Records for processing: Begin

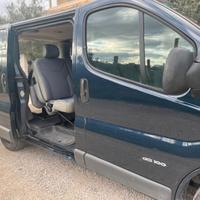 AUTOVETTURA 9 POSTI RENAULT  TRAFIC 1.9 D.  100CV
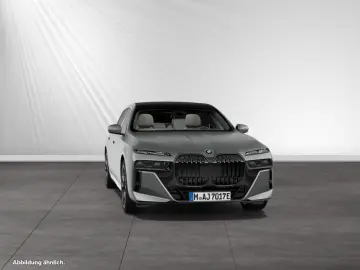 750e xDrive Individual/Frozen|M Sport Pro|B&W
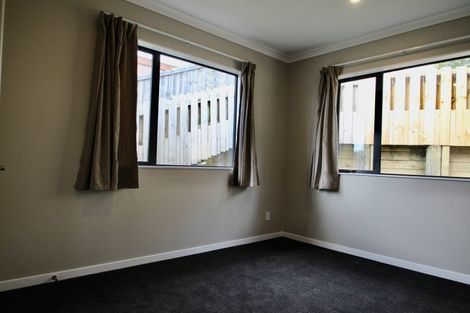 Photo of property in 8 Blewitt Court, Swanson, Auckland, 0614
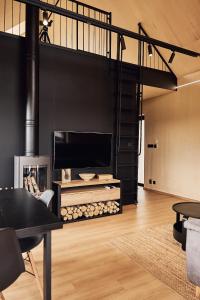 班斯卡 - 什佳夫尼察Chata Scheelit的客厅设有大电视和楼梯。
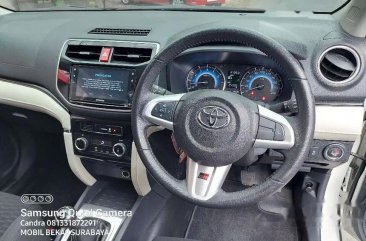 Toyota Rush S bebas kecelakaan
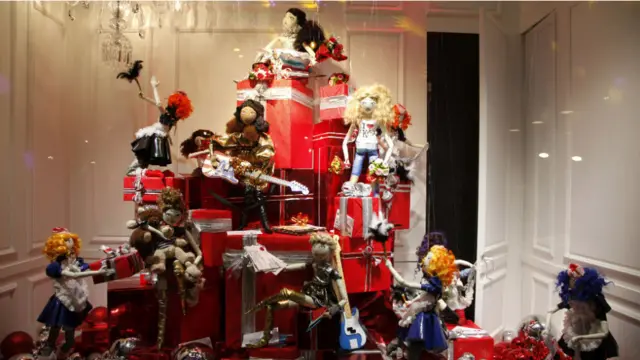 Muñecas almacenes paris outlet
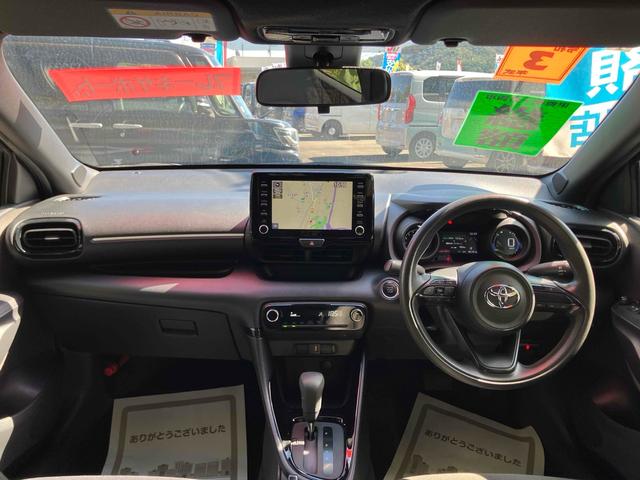 ヤリス Ｇ　ＥＴＣ　バックカメラ　ナビ　レーンアシスト　衝突被害軽減システム　オートマチックハイビーム　オートライト　スマートキー　電動格納ミラー　ＣＶＴ　レンタカーアップ　盗難防止システム　衝突安全ボディ（2枚目）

Records for processing: End

Your objective: The answer is the entries above, given again exactly, with no pictures among them.

Task response:
 AUTOVETTURA 9 POSTI RENAULT  TRAFIC 1.9 D.  100CV
 750e xDrive Individual/Frozen|M Sport Pro|B&W
 Photo of property in 8 Blewitt Court, Swanson, Auckland, 0614
 班斯卡 - 什佳夫尼察Chata Scheelit的客厅设有大电视和楼梯。
 Toyota Rush S bebas kecelakaan
 Muñecas almacenes paris outlet
 ヤリス Ｇ　ＥＴＣ　バックカメラ　ナビ　レーンアシスト　衝突被害軽減システム　オートマチックハイビーム　オートライト　スマートキー　電動格納ミラー　ＣＶＴ　レンタカーアップ　盗難防止システム　衝突安全ボディ（2枚目）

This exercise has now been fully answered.